Yvonne became my favorite. She was the one the kids had first approached, who had mustered the others to take care of me. An energetic person, enterprising and confident, she had been with me the first night after I left the SCU, a terrible night, she said. Unconscious, I was restless and in pain, constantly tossing and turning, and she had had to change my sheets and clean me up six times during the night. I had little memory of her in the hospital, because she was on duty mainly at night. She usually took night duty at my house, too (although she and Ursula sometimes switched shifts). She would prepare me for bed—standing beside me at the sink (lest I fall down), squeezing the toothpaste out of the tube for me (I could not even do that!)—and be there in the night. The nurses slept in my room on a fold-out bed. I was not supposed to get up without their help but was to call them—and keep calling them until they woke (which I was reluctant to do until my first fall).

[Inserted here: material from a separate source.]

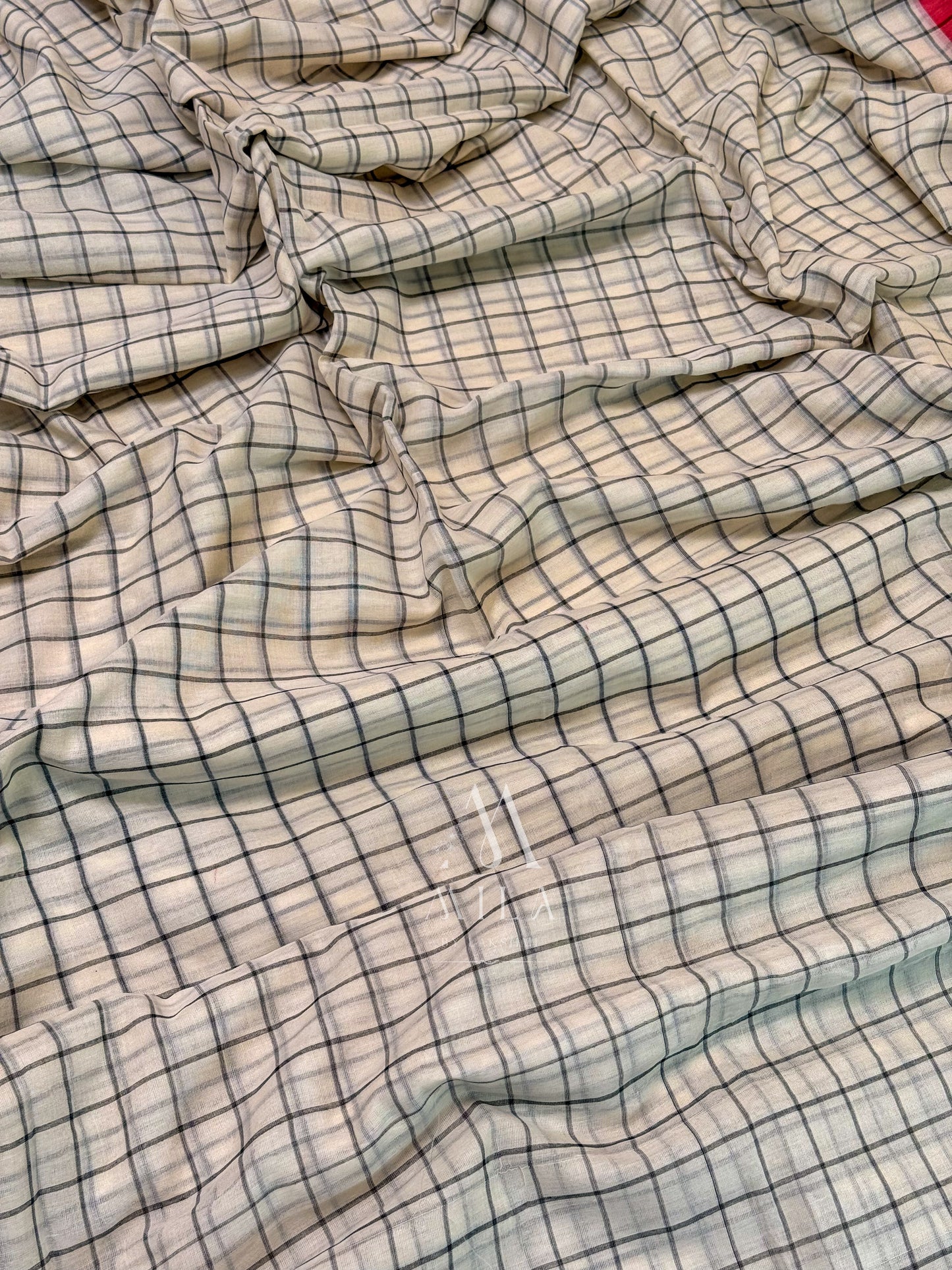 Vanilla Check Mulcotton Saree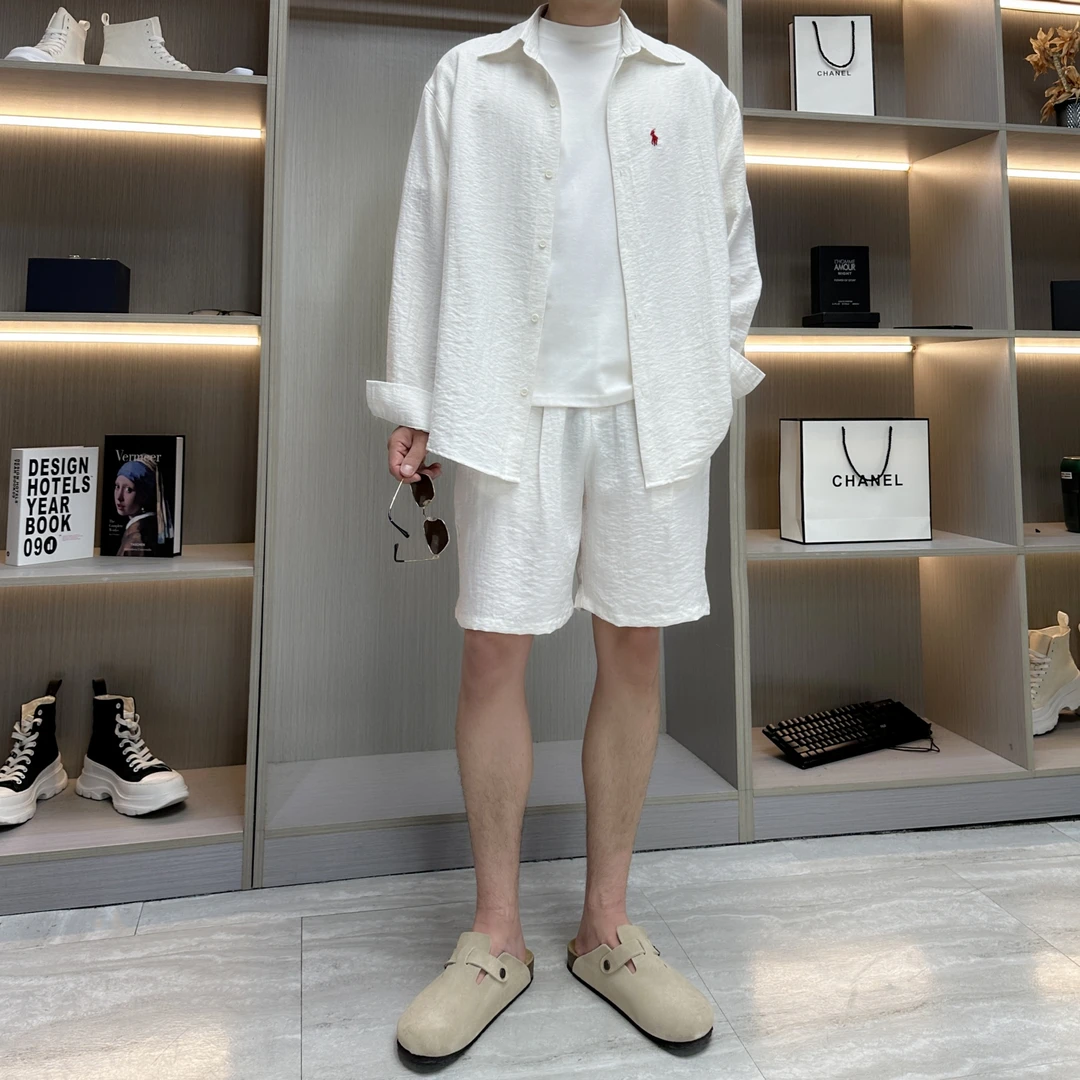 【CZD定制】夏季新款松弛感老钱风宽松慵懒亚麻长袖衬衫休闲套装男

Every night, when Yvonne came into my room, I would ask her what she’d done all day, and what her father-in-law had made for dinner, and how her little girl was, and what her husband was doing. I was interested in the lives of all three women who tended me, but Gay’s stories distressed me and Ursula’s rare references to her domestic life crackled with concealed bitterness and rage. Only her daughter and nursing made her happy—and getting good grades.

But Yvonne had been praised all her life. She was a loved child, and to those who are given, more is given: children lucky enough to be loved usually grow up into loving—and loved—adults. She was a lighthearted person, very smart and ambitious; her family was prominent in Haiti, but she had left, fearing the secret military force that had succeeded the Tontons Macoutes. In college in Haiti, she had majored in economics, but her highly intelligent Haitian husband, whom she had married in the United States, had persuaded her to give up the idea of an academic career for one in nursing. I didn’t know whether she was realistic in looking up to her husband’s intellect as she did, but his role in forging her future seemed suspect to me. Nursing is much harder work than teaching economics and has less prestige—but it pays better, at least at first. On the other hand, as a nonwhite foreigner, it is possible that Yvonne would have encountered severe barriers in an exalted academic field, and her husband may have known that.

She had had a child about five years before, and her husband was totally enamored of the little girl. Yvonne, too, adored her daughter, but she was jealous of her husband’s affection for the child. In speaking of this, she was very funny—not the least guilt-ridden about her jealousy (as most middle-class white American women would be) nor at all resentful of her daughter because her father gave her more love than he gave Yvonne (as many women would be). But as a result of his behavior, she adamantly, steadfastly refused to have another child. Like Ursula’s and Gay’s husbands, Yvonne’s husband would not help around the house. (I often say that the only creature in the entire animal kingdom who can’t take care of himself is the human male.) Yvonne worked harder than he: he was a welfare officer of some sort and worked an eight-hour day; she worked an eight-hour day (or night), went to school, studied, and did the housework and cooking and child care. When she complained, her husband sent for his father in Haiti. A wonderful cook and a meticulous housekeeper (as was Yvonne), who loved Yvonne and his grandchild and being with them, he made their lives a pleasure. Like Gay, Yvonne held nothing against her husband and was on the whole a happy woman.